Histórico de Doações
Antes dessa contribuição, Delo já era o segundo maior doador do Reform UK, ficando atrás do bilionário Christopher Harborne, que havia doado 9 milhões de libras ao partido em agosto do ano passado.
Investigações e Polêmicas
Recentemente, Farage se viu no centro de uma investigação devido a doações e presentes que recebeu de figuras ligadas à indústria cripto, como Harborne e George Cottrell. A situação gerou um tumulto político, levando Farage a renunciar ao cargo de membro do Parlamento em julho, em meio ao escândalo cripto, e posteriormente vencer uma eleição por 63% dos votos, superando o candidato satírico Count Binface.

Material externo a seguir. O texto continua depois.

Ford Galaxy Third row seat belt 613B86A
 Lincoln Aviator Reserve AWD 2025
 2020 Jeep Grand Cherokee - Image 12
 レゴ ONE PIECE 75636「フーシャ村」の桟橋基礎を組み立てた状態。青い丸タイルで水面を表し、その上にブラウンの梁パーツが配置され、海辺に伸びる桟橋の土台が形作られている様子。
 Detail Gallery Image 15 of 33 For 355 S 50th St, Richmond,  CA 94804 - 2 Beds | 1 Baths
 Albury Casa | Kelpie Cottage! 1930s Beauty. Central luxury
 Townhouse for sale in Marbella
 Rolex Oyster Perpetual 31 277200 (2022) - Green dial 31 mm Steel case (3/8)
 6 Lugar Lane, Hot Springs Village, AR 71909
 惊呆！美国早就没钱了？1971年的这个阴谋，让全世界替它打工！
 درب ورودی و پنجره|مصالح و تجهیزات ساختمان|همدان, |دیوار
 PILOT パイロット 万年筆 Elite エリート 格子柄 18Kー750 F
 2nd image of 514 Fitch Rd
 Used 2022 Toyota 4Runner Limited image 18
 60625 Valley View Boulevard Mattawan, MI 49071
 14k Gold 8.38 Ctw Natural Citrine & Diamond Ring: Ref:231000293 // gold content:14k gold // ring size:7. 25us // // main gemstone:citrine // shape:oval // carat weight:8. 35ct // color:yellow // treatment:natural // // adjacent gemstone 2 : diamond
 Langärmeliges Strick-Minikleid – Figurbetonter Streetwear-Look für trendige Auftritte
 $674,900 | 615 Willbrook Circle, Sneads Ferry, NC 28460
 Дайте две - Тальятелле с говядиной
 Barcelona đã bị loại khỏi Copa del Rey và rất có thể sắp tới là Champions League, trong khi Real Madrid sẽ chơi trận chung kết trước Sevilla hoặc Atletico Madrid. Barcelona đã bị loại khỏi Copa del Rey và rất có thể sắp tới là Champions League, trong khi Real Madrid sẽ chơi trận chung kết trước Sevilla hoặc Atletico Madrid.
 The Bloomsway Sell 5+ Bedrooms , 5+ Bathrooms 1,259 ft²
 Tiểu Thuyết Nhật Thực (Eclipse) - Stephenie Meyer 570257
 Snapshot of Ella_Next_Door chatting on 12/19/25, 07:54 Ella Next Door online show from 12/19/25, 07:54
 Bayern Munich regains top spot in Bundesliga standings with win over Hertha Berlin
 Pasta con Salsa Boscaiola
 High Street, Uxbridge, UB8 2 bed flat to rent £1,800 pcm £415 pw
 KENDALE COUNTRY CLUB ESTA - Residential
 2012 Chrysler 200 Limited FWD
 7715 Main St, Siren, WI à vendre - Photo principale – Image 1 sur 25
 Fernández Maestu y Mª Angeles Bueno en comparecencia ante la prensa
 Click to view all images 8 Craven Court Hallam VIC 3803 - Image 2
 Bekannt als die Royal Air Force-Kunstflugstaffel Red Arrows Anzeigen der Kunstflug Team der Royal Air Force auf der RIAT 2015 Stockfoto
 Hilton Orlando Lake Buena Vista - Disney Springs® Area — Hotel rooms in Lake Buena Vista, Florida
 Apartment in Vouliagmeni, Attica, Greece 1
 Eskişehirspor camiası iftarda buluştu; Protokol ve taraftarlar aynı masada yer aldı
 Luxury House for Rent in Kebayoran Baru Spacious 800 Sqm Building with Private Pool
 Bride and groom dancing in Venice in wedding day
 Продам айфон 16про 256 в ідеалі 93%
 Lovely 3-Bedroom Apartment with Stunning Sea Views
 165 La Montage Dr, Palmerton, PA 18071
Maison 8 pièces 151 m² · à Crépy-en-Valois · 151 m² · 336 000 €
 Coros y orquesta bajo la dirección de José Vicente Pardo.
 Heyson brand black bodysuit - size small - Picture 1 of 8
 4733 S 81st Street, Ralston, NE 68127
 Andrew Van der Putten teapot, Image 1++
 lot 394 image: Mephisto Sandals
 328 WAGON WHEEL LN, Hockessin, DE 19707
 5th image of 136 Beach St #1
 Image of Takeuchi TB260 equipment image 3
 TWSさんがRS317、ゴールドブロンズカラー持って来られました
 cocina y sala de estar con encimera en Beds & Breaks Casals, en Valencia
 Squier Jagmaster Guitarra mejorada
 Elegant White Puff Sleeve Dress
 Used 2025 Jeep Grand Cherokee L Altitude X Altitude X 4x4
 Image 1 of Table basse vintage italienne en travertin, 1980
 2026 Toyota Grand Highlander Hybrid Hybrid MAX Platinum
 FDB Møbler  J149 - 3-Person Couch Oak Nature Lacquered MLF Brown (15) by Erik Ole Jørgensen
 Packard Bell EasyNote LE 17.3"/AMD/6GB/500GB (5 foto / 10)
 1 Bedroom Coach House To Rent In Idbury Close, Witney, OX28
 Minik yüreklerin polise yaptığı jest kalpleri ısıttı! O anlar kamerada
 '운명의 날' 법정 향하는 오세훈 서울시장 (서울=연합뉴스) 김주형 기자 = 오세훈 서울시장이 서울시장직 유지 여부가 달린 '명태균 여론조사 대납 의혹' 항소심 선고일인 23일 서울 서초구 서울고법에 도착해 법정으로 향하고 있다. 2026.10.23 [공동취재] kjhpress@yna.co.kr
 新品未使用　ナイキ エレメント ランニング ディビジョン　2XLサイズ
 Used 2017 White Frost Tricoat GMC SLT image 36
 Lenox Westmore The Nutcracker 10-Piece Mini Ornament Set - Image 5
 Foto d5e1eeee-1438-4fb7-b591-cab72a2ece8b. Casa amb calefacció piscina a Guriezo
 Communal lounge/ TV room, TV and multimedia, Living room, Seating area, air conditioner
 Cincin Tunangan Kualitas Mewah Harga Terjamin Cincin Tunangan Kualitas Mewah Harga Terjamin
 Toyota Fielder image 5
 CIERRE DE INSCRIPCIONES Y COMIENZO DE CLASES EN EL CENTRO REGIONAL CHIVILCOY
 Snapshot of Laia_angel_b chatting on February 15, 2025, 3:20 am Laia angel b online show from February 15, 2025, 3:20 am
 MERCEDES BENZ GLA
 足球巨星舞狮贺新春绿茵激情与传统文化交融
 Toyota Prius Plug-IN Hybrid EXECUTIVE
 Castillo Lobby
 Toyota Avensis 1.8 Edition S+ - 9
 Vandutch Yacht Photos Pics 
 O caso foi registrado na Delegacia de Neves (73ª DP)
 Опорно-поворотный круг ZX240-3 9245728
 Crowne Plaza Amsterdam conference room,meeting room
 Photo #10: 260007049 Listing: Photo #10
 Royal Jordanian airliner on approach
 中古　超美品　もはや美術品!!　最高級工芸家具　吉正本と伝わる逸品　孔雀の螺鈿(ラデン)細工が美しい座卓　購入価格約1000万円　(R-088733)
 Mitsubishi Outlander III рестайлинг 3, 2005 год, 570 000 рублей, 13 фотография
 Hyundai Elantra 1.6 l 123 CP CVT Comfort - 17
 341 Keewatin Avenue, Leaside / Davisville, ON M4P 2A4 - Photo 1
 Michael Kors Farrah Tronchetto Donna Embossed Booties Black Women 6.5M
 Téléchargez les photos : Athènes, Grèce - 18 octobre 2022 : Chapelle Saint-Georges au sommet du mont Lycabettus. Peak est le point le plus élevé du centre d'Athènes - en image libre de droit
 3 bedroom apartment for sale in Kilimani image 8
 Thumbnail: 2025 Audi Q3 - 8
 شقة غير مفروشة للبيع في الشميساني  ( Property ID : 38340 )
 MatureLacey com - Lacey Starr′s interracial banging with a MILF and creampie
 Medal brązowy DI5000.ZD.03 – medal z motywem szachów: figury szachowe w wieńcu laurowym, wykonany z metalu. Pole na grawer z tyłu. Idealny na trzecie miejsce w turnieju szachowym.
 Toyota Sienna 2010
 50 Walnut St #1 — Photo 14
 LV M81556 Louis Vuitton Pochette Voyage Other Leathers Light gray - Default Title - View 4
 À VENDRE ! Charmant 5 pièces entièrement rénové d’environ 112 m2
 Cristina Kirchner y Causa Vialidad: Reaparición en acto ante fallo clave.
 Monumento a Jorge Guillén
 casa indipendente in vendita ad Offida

Impacto Político das Criptomoedas
A doação de Delo levantou questões sobre a influência dos ativos digitais na política britânica. Muitos legisladores estão debatendo a possibilidade de tornar permanente a moratória sobre doações em criptomoedas, que foi anunciada em março, em resposta ao que Farage chamou de “presentes” de Harborne e Cottrell.
Contexto Legal
O Telegraph informou que a doação de 36 milhões de libras representa um pagamento mensal de 1 milhão de libras até as eleições gerais de 2029, mas Delo optou por pagar o valor total de uma vez para evitar possíveis bloqueios. Vale lembrar que Delo foi um dos três cofundadores da BitMEX que se declararam culpados de acusações federais nos EUA, relacionadas a violações da Lei de Sigilo Bancário, e recebeu perdão do presidente Donald Trump em março de 2025.